Ivan Gotovchits announced
─────────────────────────

  My initial plan was not to volunteer myself and take it unless 
  nobody
  will take it before the 4.09 release. But I suspect, that anyway 
  it
  will be me :) So just to close this discussion, I will take the 
  burden
  to keep camlp4 alive for 2 or more next releases. Then, we will
  probably just archive it. My github handle is `ivg'.


Jérémie Dimino replied
──────────────────────

  Initially, I imagined that someone might want to step up because 
  they
  like the technology itself or because they need it for their day 
  to
  day development. In this case it would have made sense to 
  transfer the
  project to them. In the end, we are only talking about keeping 
  Camlp4
  alive for longer, so we can leave it where it is for now.

  Before we go ahead, there is one aspect that hasn't been 
  discussed
  here; what is the exact value of keeping Camlp4 alive? When
  modernising an older project, it's unlikely that Camlp4 will be 
  the
  only blocker. There are many other things that have changed in 
  the
  past few years. Strings are now immutable for instance. The
  dependencies of a project might have changed as well. There are 
  many
  reasons other than Camlp4 why bringing a project up to date 
  might
  require additional work.

  All in all, I'm wondering if doing new releases of Camlp4 will 
  really
  help anything, or at least it seems to me that we should wait 
  for
  feedback from the 4.08 upgrades in the various systems. For 
  instance,
  now that we have a 4.08 Camlp4 in opam, how many packages using 
  Camlp4
  are compatible with 4.08 out of the box?
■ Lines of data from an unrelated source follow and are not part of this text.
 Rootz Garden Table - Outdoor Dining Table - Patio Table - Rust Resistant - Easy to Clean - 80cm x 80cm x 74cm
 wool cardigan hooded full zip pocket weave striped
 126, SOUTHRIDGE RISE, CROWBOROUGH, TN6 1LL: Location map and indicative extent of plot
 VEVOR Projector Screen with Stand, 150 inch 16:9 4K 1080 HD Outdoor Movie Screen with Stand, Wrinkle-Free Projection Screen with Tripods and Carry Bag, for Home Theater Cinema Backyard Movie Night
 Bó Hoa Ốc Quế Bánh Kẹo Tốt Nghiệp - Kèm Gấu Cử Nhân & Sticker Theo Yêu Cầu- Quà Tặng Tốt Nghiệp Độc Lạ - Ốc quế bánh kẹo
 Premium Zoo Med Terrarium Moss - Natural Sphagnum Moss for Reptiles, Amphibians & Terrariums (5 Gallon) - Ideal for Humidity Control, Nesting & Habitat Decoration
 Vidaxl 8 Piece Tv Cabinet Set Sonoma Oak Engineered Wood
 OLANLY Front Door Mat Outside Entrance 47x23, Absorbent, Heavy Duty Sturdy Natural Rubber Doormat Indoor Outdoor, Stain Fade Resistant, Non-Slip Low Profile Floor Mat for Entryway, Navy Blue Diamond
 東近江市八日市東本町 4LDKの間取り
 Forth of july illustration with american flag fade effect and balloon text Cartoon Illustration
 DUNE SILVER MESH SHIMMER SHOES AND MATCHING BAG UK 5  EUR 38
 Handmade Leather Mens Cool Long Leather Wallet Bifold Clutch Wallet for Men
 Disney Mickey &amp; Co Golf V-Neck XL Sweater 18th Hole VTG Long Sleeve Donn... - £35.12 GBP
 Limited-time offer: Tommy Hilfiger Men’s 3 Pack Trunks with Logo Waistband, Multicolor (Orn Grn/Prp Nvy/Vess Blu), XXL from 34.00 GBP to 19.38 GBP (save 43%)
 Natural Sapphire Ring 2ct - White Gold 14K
  On the other hand, keeping the project alive just to keep it 
  alive for
  an unbounded period of time can have a negative impact. It's 
  less
  incentive to migrate away from it and we might miss out cases 
  that we
  would have discovered by really stopping Camlp4. Delaying the 
  4.08
  release of Camlp4 was a good example of how it triggered 
  discussions
  and a few projects to migrate to ppx.

  What do you think?


Ivan Gotovchits said
────────────────────

  I would suggest to look at the problem from a very different
  perspective. From a user perspective. I'm sorry for a long 
  narration,
  I didn't have time to explain this in a more concise manner.


User story #1
╌╌╌╌╌╌╌╌╌╌╌╌╌

  Consider an industrial user who has developed a solution in 
  OCaml and
  is planning to deliver it for a few years. During the initial 
  stages
  of the software product lifecycle, the project manager benefited 
  from
  abundance of coders and the project was moving up-to-date with 
  the
  OCaml infrastructure. Then the project was released, majority 
  (if not
  all) coders left, and the project entered the support stage. At 
  this
  stage users still expect bugs to be fixed, but the project 
  manager no
  longer has the man-power to move the project as fast as the 
  OCaml
  infrastructure moves.

  Since the project was heavily using external dependencies (to 
  minimize
  the cost of development), it occurs that a few of the bugs, 
  discovered
  at the later stages of the project lifetime, actually belong to 
  other
  projects, such as Batteries or Core. Those bugs were fixed, of 
  course,
  in the upstream, but it requires updating to the newest version 
  of
  OCaml (which no longer provides camlp4, and all the libraries 
  are
  newer, so the effort is much higher than a manager can afford).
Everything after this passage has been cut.